Lo que está sucediendo en Cataluña está entre un acelerón a la historia perpetrado desde el poder político -una conquista independentista, por mucho daño que esté haciendo- y un disparo económico que el secesionismo se inflige en su propio pie. Lo primero, aunque de momento haya fracasado, ha puesto encima de la mesa y a la vista de todo el mundo un conflicto cocinado con dosis variables de realidad y de mentiras. Nos pongamos como nos pongamos, el asunto catalán no volverá a ser como antes: tardará más o menos tiempo en producirse un referéndum, pero se producirá; puede que sea la única forma de trasladar el dentro o fuera una generación más. En cuanto a lo segundo, el disparo en el pie de la economía, produce extraños sucesos en la tercera fase, las previas a las elecciones del 21-D (la primera fase, los cánticos y las banderas al viento de una buena parte de los catalanes; la segunda, el golpe de estado en el Parlament y la obligada aplicación del 155). Ahora entramos en un tercer escenario repleto de fenómenos extraños.

Por ejemplo, hemos sabido esta semana que los hoteles de Cataluña están que lo tiran, acostumbrados que estaban a una posición dominante y un rumbo despejado. Mientras que la demanda hotelera en el resto de España crece con mayor o menor brío, en la capital catalana -gran potencia turística- cae poco a poco y sin parar desde que esto entró en su etapa atómica hace algo más de un año.
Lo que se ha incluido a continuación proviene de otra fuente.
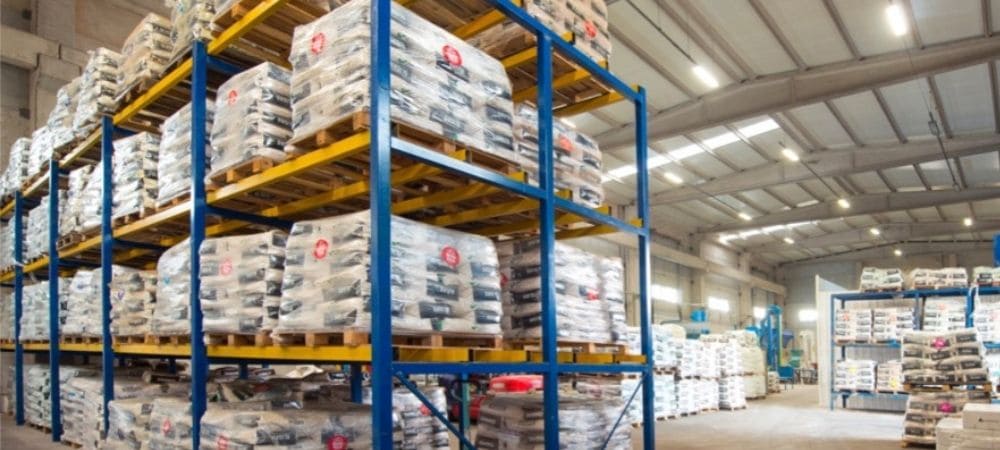 Scaffalature che mostrano come organizzare lo stoccaggio dei fertilizzanti per una conservazione sicura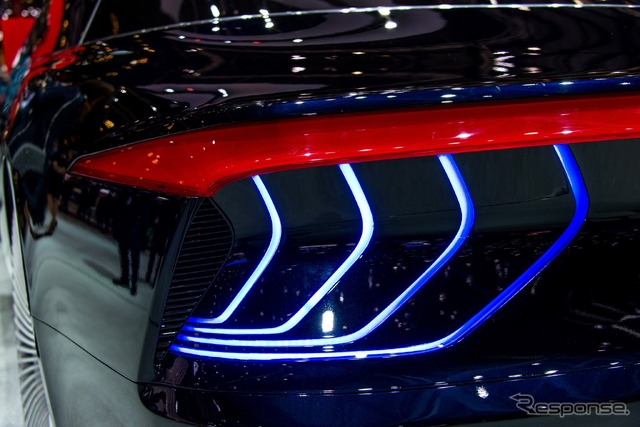 イタルデザイン・ジウジアーロ GEA(ジュネーブモーターショー15)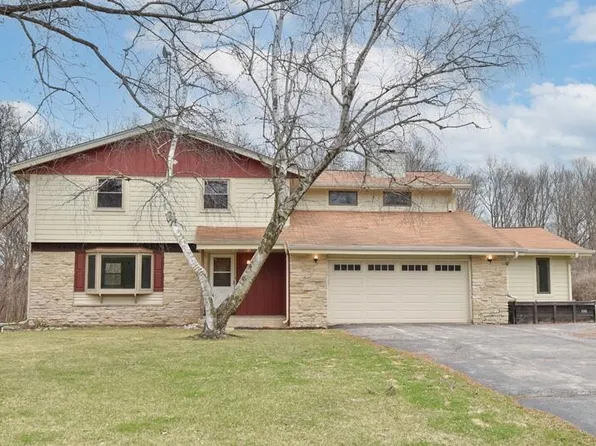 2326 Hall ROAD, Hartford, WI 53027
Los hoteleros se ven obligados a bajar los precios ante las cancelaciones y, peor, la pérdida de clientes recurrentes, tanto empresas como particulares y teleoperadores. El turismo indepe -hay gente para todo-, ése que va a ver in situ lo que tanto ha visto por la tele, no compensa el daño emergente ni el lucro cesante causado por esta insensatez. Es evidente que una parte de tal pérdida la recoge al rebote algún otro sitio en España o en el extranjero. Es tan difícil fidelizar un cliente como recuperarlo una vez decepcionado y perdido. Qué poco empresarial es, de momento, el procés, en una tierra tan comerciante. Hemos sostenido aquí desde hace meses que el independentismo catalán tiene una base económica, que es un movimiento urdido desde el poder que tiene como cimiento la voluntad de soltar lastre solidario con un mercado que ya no es esencial para Cataluña; una voluntad maquillada de agravios y del gazpacho de los hechos diferenciales. El ya histórico agravio con el privilegio fiscal vasco, refrendado otra vez esta semana, hace de guarnición. Mientras, las cornisas de una economía próspera comienzan a desprenderse.